U.S. Trade Representative Robert Lighthizer will lead a delegation of senior officials to China on Monday for the first face-to-face trade negotiations since talks broke down again in May.

Lighthizer, Treasury Secretary Steve Mnuchin and others will meet with Chinese Vice Premier Liu He next week in Shanghai to restart negotiations. The meeting will reportedly include a broad discussion on a number of trade issues, and it may take up to six months for a new deal to materialize, according to U.S. officials.

In the short-term, the news caused markets to rise. The Dow jumped from 27,248 at 1:39 p.m. on the East Coast all the way to 27,347 by 1:57 p.m. EDT.


The S&P 500 also saw a spike after the news broke, jumping from 2,995 at 1:39 p.m. EDT to 3,003 by 1:57 p.m. Similarly, the Nasdaq jumped from 8,128 at 1:39 p.m. to 8,240 by 1:57 p.m.

According to the International Monetary Fund, global growth is expected to be 0.1% lower in 2019 and 2020 due to the trade war, and that China is being hurt more than the U.S. The fund’s breakdown upgraded its U.S. GDP projection for 2019 from 2.3% up to 2.6%, while downgrading China from 6.3% to 6.2%.

“In China, the negative effects of escalating tariffs and weakening external demand have added pressure to an economy already in the midst of a structural slowdown and needed regulatory strengthening to rein in high dependence on debt,” the IMF said in its twice-a-year World Economic Outlook report.

However, the IMF also warned the White House against escalating trade tensions further.

“Multilateral and national policy actions are vital to place global growth on a stronger footing,” the IMF said. “The pressing needs include reducing trade and technology tensions and expeditiously resolving uncertainty around trade agreements (including between the UK and the EU and the free trade area encompassing Canada, Mexico and the US).

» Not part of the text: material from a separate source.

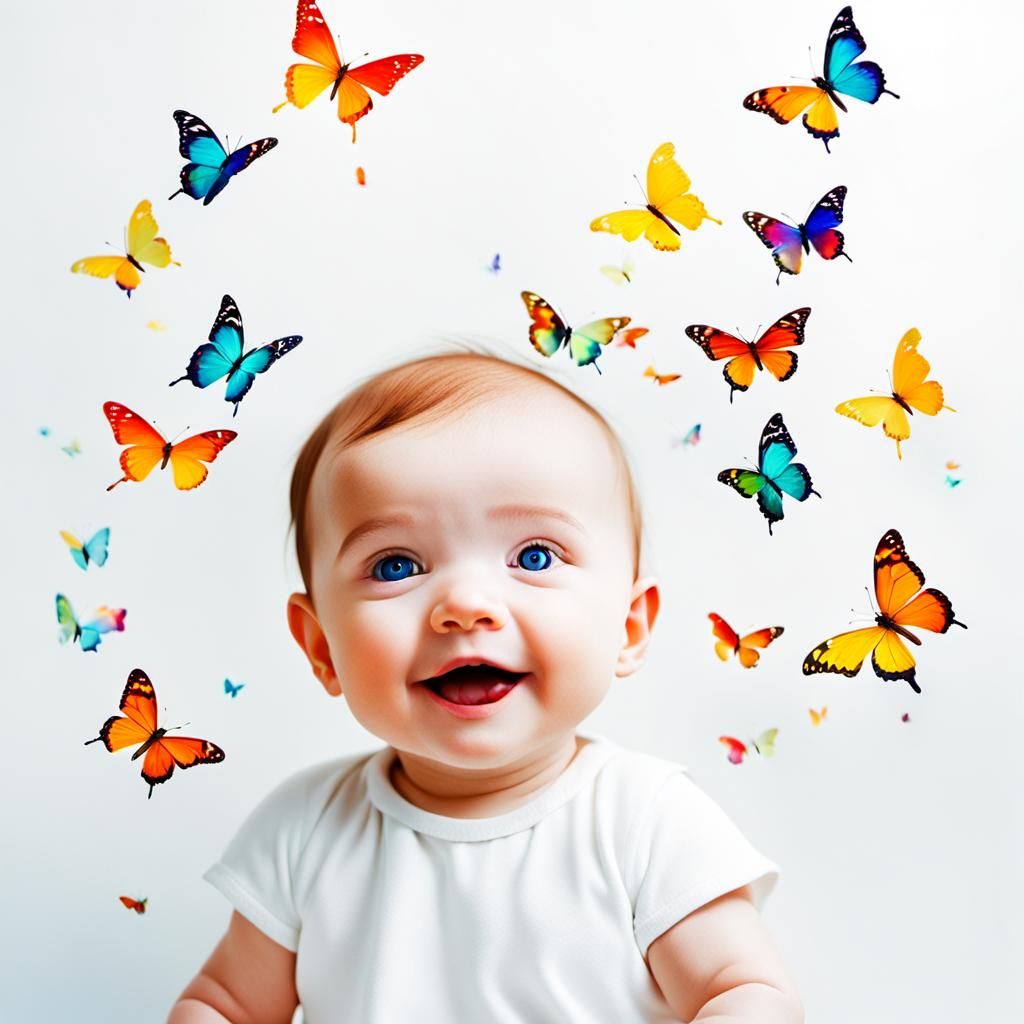 Ethereal Baby with Butterflies: Minimal Art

Specifically, countries should not use tariffs to target bilateral trade balances or as a substitute for dialogue to pressure others for reforms.”

The IMF also raised its growth forecast for the U.K. from 1.2% to 1.3%, and left it unchanged for 2020 at 1.4%.

“The forecast assumes an orderly Brexit followed by a gradual transition to the new regime,” the IMF said. “However, as of mid-July, the ultimate form of Brexit remained highly uncertain.”